La société Migma.Com conteste également devoir une somme de 3687,90 euros identifiée par la Cour sur la facture N° 201500427 (annexe n°43 pièce n°7.11), correspondant à un abonnement de soins pour la période de rupture du contrat. Cette somme déjà contestée dans le courrier du 5 octobre 2020, ne fait l'objet d'aucune explication de la société Yves Rocher France quant à son bien-fondé.

En revanche, les sommes contestées par la société Migma.Com de 1.707,70 euros pour facturation des tenues de personnel, des caméras (420 euros), de la ligne téléphonique analogique pour mai et juin (73 euros) et des bornes antivols (5.851,20 euros), ne sont pas identifiées par la Cour comme étant des sommes effectivement réclamées par la société Yves Rocher France.

Dès lors, il convient de déduire du montant réclamé de 54.387,38 euros, les sommes de 16 027,97 euros et 3687,90 euros, soit un solde restant dû par la société Migma.Com de 34 671,51 euros.

En conséquence, la société Migma.com sera condamnée à verser cette somme à la société Yves Rocher France. Le jugement sera infirmé de ce chef de demande.

3. Sur la demande de compensation

Exposé des moyens,

Selon la société Yves Rocher France, la compensation s'opère de plein droit dès lors que les deux créances réciproques fixées par jugement revêtent un caractère certain, liquide et exigible.

Selon la société Migma.com, une créance de nature contractuelle ne peut être compensée avec une créance délictuelle née de l'indemnisation de la rupture brutale des relations commerciales établies, ces dettes n'étant pas connexes même si elles concernent toute deux une même relation contractuelle (Cass. Com. 18 déc. 2012, n°11-17.872).

Réponse de la Cour,

Il résulte des articles 1347-1 et 1348-1 du code civil, que sauf connexité entre les dettes, la compensation suppose que les créances réciproques soient certaines, fongibles, liquides et exigibles.

La société Yves Rocher France étant condamnée à payer à la société Migma.Com la somme de 19 590 euros et la société Migma.Com condamnée à payer à la société Yves Rocher France la somme de 34 671,51 euros, ces dettes de sommes d'argent réciproques sont certaines, liquides et exigibles.

Aussi, dès lors que les dettes réciproques remplissent les conditions de l'article 1347-1 précité, il n'y a pas lieu de rechercher un lien de connexité entre elles.

Dès lors, leur compensation sera ordonnée.

4. Sur les dépens et l'application de l'article 700 du code de procédure civile

Le jugement sera confirmé en ce qu'il a condamné la société Migma.Com aux dépens et débouté les parties de leur demande au titre de l'article 700 du code de procédure civile.

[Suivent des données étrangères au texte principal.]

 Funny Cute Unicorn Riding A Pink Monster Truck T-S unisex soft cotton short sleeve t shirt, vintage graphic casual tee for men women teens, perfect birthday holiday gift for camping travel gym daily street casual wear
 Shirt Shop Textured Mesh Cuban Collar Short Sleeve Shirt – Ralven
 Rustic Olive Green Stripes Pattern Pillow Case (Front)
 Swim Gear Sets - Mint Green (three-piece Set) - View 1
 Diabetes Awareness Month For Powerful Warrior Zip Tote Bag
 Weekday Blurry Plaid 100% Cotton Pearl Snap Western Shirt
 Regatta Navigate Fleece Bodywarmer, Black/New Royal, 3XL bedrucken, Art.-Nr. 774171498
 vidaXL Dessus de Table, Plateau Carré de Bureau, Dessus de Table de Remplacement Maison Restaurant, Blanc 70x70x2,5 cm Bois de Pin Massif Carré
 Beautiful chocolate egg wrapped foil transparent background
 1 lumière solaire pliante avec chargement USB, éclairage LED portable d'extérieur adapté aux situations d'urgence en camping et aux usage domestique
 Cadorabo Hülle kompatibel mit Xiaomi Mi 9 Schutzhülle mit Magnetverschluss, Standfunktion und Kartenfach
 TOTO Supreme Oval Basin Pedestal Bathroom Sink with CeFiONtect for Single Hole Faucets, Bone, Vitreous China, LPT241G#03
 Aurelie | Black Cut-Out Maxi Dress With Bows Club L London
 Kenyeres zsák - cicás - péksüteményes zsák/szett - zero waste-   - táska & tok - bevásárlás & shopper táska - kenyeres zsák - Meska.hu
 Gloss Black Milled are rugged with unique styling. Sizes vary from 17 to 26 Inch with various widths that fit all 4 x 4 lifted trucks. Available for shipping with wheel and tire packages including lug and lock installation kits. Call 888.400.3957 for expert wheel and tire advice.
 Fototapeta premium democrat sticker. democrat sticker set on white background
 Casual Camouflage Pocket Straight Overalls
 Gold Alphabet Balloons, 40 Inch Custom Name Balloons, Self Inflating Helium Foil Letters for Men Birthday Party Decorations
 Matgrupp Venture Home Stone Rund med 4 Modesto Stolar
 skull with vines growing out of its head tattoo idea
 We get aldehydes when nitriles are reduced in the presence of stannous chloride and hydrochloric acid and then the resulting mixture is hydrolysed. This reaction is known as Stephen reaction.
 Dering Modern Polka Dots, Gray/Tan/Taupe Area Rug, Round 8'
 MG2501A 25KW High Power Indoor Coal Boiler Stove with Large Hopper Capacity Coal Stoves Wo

La société Migma.Com, succombant en son appel, sera condamnée aux dépens d'appel.

En application de l'article 700 du code de procédure civile, la société Migma.Com sera déboutée de sa demande et condamnée à verser à la société Yves Rocher France la somme de 7 500 euros.

PAR CES MOTIFS

La Cour,

Confirme le jugement en ses dispositions soumises à la Cour sauf en ce qu'il a condamné la société Migma.Com à payer à la société Yves Rocher France la somme de 26 613,62 euros, soit la somme de 16 023,62 euros après compensation,

Statuant à nouveau sur les chefs infirmés et y ajoutant,

Condamne la société Migma.Com à payer à la société Yves Rocher France la somme de 34 671,51 euros au titre de l'exécution du contrat de gérance libre ;

Ordonne la compensation entre cette somme et la condamnation de la société Yves Rocher France à verser la somme de 10 590 euros de dommages-intérêts pour rupture brutale de la relation commerciale ;

Condamne la société Migma.Com aux dépens d'appel ;

En application de l'article 700 du code de procédure civile, rejette la demande formée par la société Migma.Com et la condamne à payer à la société Yves Rocher France la somme de 7 500 euros.